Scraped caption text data
◆ ◆ ◆ ◆
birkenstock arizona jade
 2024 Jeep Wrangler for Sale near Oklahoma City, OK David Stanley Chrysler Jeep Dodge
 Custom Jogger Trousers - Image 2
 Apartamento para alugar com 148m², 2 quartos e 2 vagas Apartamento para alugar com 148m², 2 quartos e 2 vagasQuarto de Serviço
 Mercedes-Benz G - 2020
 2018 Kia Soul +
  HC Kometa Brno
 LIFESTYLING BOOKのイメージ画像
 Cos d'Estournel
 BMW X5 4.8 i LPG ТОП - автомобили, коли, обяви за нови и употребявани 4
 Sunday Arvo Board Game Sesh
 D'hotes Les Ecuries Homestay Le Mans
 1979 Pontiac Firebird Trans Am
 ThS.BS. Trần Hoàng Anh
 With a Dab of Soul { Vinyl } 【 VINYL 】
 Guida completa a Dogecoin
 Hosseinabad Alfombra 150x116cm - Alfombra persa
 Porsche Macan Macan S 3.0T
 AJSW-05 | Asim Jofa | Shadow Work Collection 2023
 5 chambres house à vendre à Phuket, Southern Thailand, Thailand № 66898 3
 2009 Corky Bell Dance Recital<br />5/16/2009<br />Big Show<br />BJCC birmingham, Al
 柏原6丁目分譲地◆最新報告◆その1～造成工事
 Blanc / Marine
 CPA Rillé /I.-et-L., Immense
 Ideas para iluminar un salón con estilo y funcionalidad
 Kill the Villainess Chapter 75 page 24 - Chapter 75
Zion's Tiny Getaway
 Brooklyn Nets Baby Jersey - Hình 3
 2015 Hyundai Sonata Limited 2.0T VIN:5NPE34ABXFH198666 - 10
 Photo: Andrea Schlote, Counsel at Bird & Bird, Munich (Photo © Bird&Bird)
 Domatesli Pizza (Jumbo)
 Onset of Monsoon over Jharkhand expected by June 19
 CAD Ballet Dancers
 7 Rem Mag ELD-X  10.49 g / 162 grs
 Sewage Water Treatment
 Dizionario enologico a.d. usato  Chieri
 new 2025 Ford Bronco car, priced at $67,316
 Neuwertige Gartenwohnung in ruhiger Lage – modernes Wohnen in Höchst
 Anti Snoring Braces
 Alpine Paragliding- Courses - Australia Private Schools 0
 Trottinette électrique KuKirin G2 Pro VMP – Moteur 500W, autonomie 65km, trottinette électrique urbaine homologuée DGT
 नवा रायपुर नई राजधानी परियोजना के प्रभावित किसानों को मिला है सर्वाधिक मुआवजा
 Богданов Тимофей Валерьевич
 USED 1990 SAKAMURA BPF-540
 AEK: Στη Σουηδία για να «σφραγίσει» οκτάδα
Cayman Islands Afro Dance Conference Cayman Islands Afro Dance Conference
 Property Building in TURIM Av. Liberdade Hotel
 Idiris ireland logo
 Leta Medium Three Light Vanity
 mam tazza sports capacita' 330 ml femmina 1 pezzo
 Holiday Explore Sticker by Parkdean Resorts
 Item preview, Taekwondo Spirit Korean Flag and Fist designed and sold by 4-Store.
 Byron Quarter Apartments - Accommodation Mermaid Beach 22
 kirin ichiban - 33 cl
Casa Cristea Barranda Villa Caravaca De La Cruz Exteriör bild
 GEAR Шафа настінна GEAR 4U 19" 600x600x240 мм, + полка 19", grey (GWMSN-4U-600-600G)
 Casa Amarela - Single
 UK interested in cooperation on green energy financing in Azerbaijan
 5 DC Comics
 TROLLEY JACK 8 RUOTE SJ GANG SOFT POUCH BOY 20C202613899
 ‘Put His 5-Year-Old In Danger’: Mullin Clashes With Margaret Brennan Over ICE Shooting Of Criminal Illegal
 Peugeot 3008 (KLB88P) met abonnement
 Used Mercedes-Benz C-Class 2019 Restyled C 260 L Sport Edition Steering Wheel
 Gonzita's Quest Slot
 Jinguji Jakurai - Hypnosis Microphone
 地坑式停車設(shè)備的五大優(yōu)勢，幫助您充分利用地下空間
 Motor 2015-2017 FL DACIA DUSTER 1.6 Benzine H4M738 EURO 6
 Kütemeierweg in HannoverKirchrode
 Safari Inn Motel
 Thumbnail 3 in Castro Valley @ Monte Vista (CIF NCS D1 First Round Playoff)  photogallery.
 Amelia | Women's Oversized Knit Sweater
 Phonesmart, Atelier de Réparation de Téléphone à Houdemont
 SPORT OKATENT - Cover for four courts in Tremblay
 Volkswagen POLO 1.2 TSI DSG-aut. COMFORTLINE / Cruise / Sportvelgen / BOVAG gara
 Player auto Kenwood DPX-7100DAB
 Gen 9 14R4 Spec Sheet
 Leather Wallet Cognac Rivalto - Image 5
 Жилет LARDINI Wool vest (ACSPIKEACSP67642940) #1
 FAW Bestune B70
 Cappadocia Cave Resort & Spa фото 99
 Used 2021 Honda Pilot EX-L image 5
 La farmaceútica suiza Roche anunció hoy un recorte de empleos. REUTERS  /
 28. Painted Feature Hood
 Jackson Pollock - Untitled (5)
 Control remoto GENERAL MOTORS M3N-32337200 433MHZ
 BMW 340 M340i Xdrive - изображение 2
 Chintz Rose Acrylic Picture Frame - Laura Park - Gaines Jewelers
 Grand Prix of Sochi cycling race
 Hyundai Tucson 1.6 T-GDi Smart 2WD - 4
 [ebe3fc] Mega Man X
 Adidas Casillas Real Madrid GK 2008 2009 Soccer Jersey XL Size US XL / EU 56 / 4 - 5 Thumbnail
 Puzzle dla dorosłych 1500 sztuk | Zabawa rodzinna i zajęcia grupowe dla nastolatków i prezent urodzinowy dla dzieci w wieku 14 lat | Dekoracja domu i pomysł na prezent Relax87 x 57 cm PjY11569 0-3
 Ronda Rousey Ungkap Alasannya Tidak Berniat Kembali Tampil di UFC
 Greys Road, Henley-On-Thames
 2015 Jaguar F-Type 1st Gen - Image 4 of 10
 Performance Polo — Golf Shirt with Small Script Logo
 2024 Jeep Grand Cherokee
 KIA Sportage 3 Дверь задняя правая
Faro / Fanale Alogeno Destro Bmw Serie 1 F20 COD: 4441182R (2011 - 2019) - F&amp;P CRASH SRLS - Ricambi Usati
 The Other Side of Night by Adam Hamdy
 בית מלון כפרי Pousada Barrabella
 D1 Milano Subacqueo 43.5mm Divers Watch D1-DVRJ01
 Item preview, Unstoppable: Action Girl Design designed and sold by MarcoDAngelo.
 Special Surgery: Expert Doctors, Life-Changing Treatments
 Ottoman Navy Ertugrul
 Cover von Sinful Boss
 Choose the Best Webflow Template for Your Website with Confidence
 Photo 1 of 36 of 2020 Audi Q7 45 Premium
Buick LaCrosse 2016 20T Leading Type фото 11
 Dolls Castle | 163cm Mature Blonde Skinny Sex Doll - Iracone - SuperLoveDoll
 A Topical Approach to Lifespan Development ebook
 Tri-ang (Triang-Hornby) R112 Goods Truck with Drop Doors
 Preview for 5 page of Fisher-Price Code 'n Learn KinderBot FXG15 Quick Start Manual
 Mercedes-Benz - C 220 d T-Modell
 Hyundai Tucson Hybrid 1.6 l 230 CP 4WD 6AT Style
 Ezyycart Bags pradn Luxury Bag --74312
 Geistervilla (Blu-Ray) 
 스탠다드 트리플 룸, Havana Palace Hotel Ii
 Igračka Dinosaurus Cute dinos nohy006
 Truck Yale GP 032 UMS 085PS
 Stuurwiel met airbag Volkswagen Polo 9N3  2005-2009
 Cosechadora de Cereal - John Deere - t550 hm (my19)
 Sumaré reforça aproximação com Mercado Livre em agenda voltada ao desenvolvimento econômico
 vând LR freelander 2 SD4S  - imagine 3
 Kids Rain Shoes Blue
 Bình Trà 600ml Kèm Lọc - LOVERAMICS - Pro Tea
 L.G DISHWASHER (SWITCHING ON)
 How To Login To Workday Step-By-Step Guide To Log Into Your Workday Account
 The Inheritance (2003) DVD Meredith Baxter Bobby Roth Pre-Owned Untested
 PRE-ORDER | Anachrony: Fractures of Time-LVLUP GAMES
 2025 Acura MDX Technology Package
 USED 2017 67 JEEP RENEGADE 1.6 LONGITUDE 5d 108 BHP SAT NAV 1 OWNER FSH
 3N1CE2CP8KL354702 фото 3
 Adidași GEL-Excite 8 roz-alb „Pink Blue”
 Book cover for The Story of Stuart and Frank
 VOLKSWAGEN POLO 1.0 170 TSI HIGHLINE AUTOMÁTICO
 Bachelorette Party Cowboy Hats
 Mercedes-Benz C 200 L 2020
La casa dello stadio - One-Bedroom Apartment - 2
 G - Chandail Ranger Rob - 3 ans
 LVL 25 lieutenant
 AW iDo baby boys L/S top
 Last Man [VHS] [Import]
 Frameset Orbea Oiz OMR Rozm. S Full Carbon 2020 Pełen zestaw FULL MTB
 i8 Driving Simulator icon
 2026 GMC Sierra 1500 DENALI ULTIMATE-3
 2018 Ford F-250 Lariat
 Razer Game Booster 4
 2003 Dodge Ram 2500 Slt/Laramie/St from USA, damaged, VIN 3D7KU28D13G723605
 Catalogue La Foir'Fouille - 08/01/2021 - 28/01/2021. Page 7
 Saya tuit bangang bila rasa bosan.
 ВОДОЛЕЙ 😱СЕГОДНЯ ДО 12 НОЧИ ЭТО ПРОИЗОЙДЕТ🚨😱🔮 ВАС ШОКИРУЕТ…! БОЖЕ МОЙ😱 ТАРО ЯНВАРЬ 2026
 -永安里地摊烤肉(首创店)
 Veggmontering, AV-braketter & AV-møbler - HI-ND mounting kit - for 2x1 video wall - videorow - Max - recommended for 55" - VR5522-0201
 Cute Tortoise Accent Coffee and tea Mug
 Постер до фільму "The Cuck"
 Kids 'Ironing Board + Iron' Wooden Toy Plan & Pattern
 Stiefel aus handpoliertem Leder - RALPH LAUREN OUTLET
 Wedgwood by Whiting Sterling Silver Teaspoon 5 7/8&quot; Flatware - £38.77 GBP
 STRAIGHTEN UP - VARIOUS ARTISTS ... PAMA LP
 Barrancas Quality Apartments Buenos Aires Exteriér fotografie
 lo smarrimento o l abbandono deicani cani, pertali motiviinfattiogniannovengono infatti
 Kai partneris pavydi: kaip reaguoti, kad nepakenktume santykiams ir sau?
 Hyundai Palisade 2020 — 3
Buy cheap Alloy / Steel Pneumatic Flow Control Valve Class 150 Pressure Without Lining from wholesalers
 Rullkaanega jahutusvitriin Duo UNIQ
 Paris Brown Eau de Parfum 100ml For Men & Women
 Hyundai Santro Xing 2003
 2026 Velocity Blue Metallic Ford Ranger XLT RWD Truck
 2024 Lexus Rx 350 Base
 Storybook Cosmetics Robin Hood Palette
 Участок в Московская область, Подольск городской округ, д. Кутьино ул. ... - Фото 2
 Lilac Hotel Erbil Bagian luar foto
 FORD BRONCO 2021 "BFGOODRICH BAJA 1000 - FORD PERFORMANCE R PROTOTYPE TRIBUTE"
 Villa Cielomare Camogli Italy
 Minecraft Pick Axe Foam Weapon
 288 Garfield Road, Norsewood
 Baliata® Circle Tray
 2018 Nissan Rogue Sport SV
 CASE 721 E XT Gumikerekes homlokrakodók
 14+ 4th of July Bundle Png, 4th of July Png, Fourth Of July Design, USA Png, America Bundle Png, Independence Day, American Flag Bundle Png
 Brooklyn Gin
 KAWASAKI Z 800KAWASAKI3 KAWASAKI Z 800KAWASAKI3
◆ ◆ ◆ ◆
Go through the records above and copy each line where "Board" is found.

> **EXERCISE ANSWER**:
 Sunday Arvo Board Game Sesh
 Kids 'Ironing Board + Iron' Wooden Toy Plan & Pattern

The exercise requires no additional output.